Leonie Benesch (who played Prince Philip’s ill-fated sister Cecile in The Crown) is Carla Nowak, a young, idealistic teacher of maths and PE at a school in which pupils are encouraged to think of themselves with something akin to citizens’ rights. Carla is smart and committed: a fluent speaker of English and also Polish; she comes from a Polish family in Westphalia, and is a little uneasy about her own otherness.

Like everyone in the school, Carla is deeply unhappy about the unsolved thefts, but also unhappy about the heavy-handed and unjustified methods the school is using.

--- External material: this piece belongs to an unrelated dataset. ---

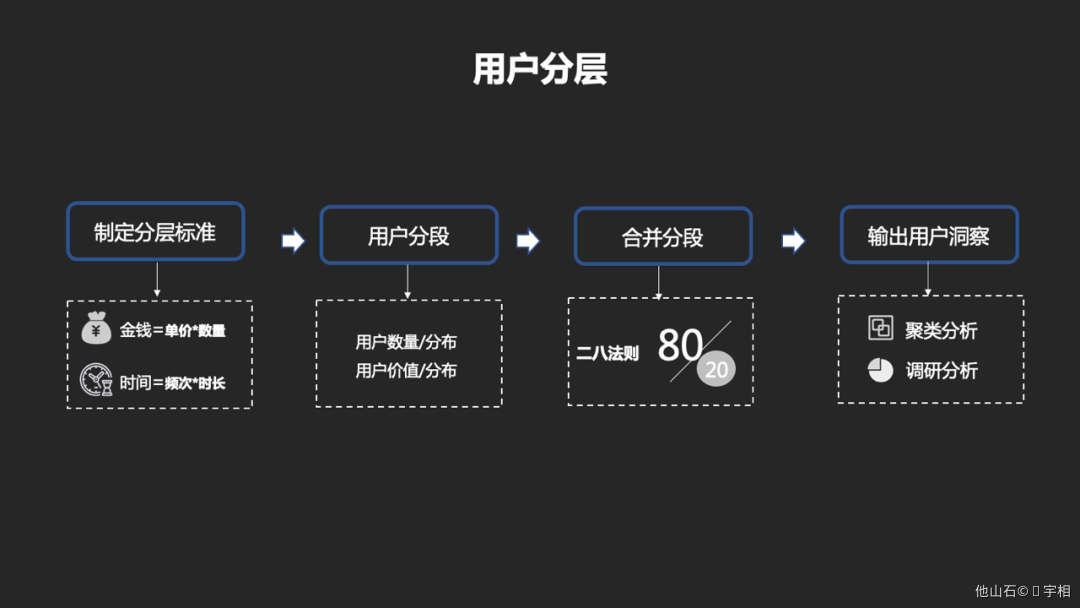 会员体系-从0-1搭建 - 图10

After what appears to have been a racist tipoff, a boy with Turkish parents has his wallet searched, but the excess cash there was found to be simply a gift from his parents to buy a computer game; they are deeply unimpressed by the school’s graceless apology and Carla feels it is up to her, as part of a younger and more progressive generation, to make diplomatic overtures to the boy’s mum and dad.

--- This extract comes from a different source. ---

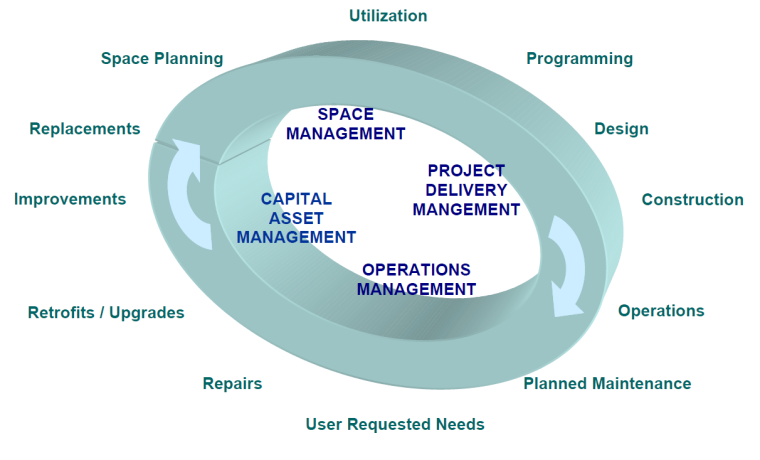 Assets Under Management Projections 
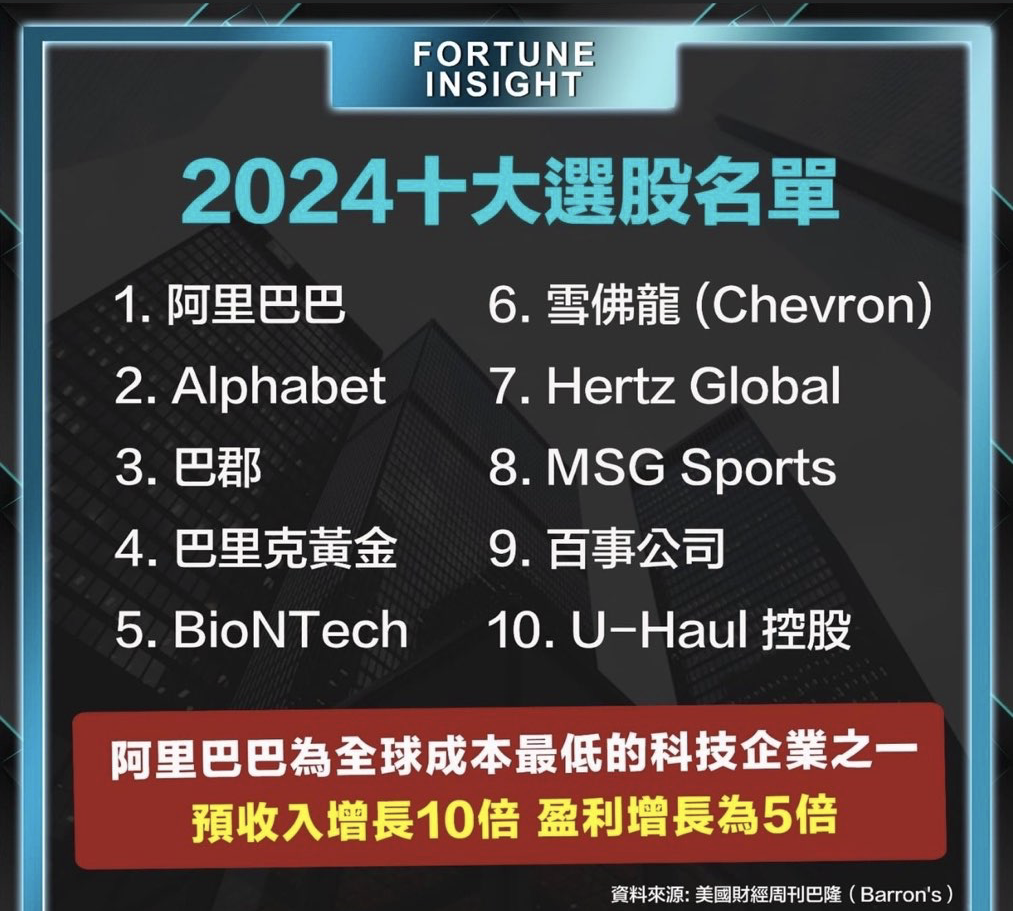锡装股份：公司经营稳健重视回报股东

But then Carla sees money going missing from her own purse and by covertly using her laptop to film the teachers’ lounge, makes the sensational discovery that the thief is a member of staff with a boy at the school. This woman’s subsequent suspension (although there is never a clear confession) results in her angry, resentful child starting a whispering campaign against Carla; her colleagues, far from showing solidarity, are somehow persuaded that there is something undisciplined and unprofessional about her behaviour.

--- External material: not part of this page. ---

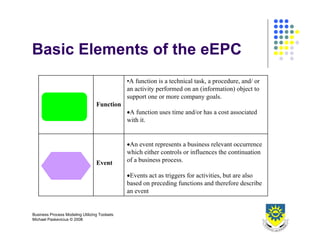 Business Process Design 2008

Everything unravels from here, and it is an arresting, jagged process. Benesch is very good at showing someone who is basically in shock for most of the school day, and there is a very intense scene in which Carla, suppressing an anxiety attack, makes it into the ladies’ room, empties out the swingbin and uses the plastic garbage sack to breathe into. But after a while, in pure storytelling terms, the film spins its wheels a bit and doesn’t make as much dramatic headway as it might. A slightly sentimental touch concerning a Rubik’s cube given to the pupil appears to be cancelled by a strange and not entirely successful image confected over the closing credit roll. Yet this is a strong performance from Benesch who has a fencer’s force and grace.